## EXERCISE INSTRUCTIONS
Once the line with "Brooklyn Bridge in" is found in the entries below, repeat that line and every one after it exactly, ending at the last.

Records from a data source

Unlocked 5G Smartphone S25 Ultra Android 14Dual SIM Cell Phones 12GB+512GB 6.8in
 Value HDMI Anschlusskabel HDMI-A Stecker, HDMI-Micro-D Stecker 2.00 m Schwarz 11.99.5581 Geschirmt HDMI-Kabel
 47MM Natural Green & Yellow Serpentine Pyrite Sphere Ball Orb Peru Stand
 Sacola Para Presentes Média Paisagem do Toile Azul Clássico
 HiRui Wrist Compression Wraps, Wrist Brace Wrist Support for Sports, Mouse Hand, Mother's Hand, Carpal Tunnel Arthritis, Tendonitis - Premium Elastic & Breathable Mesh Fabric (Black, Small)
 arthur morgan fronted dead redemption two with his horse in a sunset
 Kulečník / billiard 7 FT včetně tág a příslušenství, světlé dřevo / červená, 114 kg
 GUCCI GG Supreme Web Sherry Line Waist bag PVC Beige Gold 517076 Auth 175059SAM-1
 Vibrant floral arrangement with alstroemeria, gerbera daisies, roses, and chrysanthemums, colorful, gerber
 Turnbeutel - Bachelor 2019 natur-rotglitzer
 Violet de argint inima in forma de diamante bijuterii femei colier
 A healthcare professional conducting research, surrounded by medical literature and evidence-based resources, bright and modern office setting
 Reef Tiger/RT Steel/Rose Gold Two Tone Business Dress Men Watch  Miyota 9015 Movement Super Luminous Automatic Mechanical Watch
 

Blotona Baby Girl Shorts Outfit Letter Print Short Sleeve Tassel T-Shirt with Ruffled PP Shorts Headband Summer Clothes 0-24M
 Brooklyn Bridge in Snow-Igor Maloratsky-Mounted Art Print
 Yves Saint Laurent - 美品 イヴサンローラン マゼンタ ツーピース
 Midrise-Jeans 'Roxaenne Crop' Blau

## TASK SOLUTION
 Brooklyn Bridge in Snow-Igor Maloratsky-Mounted Art Print
 Yves Saint Laurent - 美品 イヴサンローラン マゼンタ ツーピース
 Midrise-Jeans 'Roxaenne Crop' Blau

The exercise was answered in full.